В чулане страшная холодина, тоска и жуть: единственная лампочка под потолком не способна разогнать застарелые густые тени, живущие за сундуками и шифоньерами добрую сотню лет.

Усердно протираю хрупкие, отливающие радугой стекла и поглядываю на улицу: небо заволокло тучами всех оттенков безысходности, моросивший было дождь окреп до ливня и размывает дороги. Пара шагов по таким — и кеды утонут в жирной непролазной бездонной грязи.

Интересно, чем сейчас занят Сорока? Как далеко он от меня?

Нужно было обменяться телефонами, но это простое решение даже не приходило мне в голову.

Опускаю тряпку и растерянно моргаю, собираясь с мыслями.

Мой телефон так и валяется отключенным, давно не используемый по прямому назначению. В нем лишь фонарик, навигатор, камера, программа для чтения электронных книг, плеер и… целая куча сообщений от Паши.

Теплого сладкого Паши из запретных воспоминаний, навечно спрятанных под непроглядным илом стыда.

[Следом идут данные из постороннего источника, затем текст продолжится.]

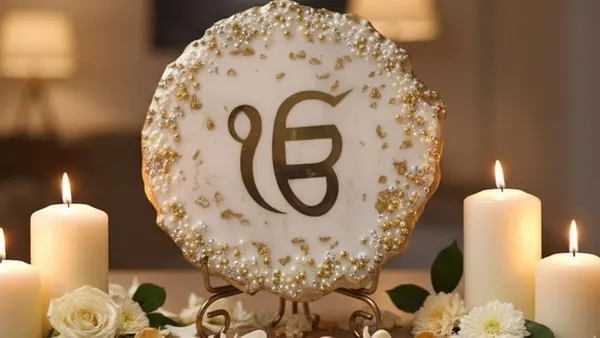 VOGUISH_Ek_Onkar_Resin_Art_Showpiece_with_Metal_Stand_|_Waheguru_Ik_Onkar_Sikh_Religious_Table_Decor_|_Handmade_Gold_&_Silver_Decorative_Plate_for_Home,_Office_&_Mandir_|_Housewarming_Gift_|_8_Inch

Я до самого вечера разгребаю старье и хлам: узлы, баулы, ворохи чужих писем, подшивки истлевших газет.

Работы на месяц, и я впадаю в уныние до тех пор, пока Ирина Петровна не призывает меня на кухню, где мы до полуночи болтаем ни о чем под аккомпанемент звона чайных ложечек по фарфору и завываний ветра снаружи.

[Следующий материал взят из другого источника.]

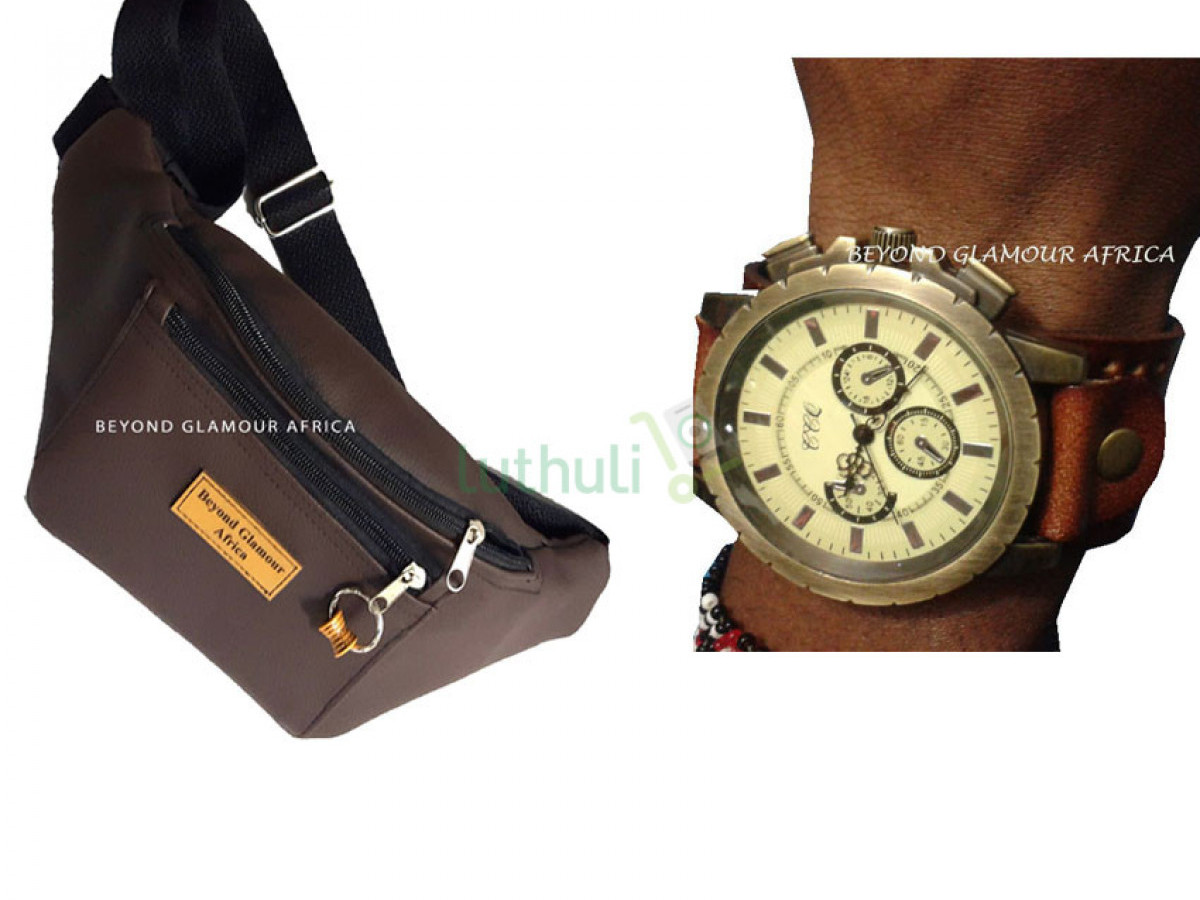 Mens Leather Watch+ waist bag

Спать ухожу в скверном настроении, а утром яркий солнечный луч бьет по сонным глазам.

За Ириной Петровной с щелчком закрывается дверь, я вскакиваю с кровати и прислушиваюсь. Так и есть: дождь прошел.

Судорожно мечусь по дому, привожу себя в порядок, хватаю трость и, путаясь в собственных кедах, ковыляю к калитке.

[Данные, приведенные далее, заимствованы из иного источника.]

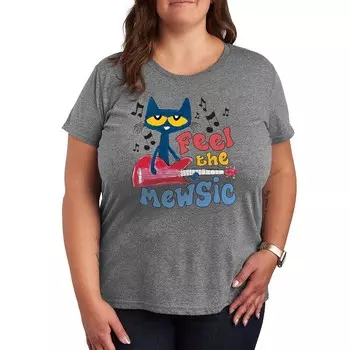Футболка с рисунком Mewsic Plus Pete the Cat Feel The Mewsic Licensed Character, цвет Heather Gray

Я не знаю, где искать Сороку, но он нужен мне как воздух.

От поверхности насыщенной влагой земли поднимается пар, капли росы сияют в траве, теплое солнце прогоняет озноб и прогревает почти остывшую кровь.

Через поле я иду к реке.

***

12. 12

Завидев меня, вербы вздрагивают от невидимого ветерка, шепчутся и расступаются, словно в испуге.

От неясных предчувствий кровь разгоняется в венах на полную мощь. Я хочу освободиться, сбросить с плеч еще хотя бы малую часть груза.

Внезапный писк в ушах заглушает все остальные звуки и взрывается тишиной — я выхожу на высокий берег и зажмуриваюсь от солнечных бликов, мерцающих на маслянистой зеленой поверхности реки.

Оглядываюсь вокруг, с надеждой всматриваюсь в заросли и разочарованно вздыхаю: здесь никого нет.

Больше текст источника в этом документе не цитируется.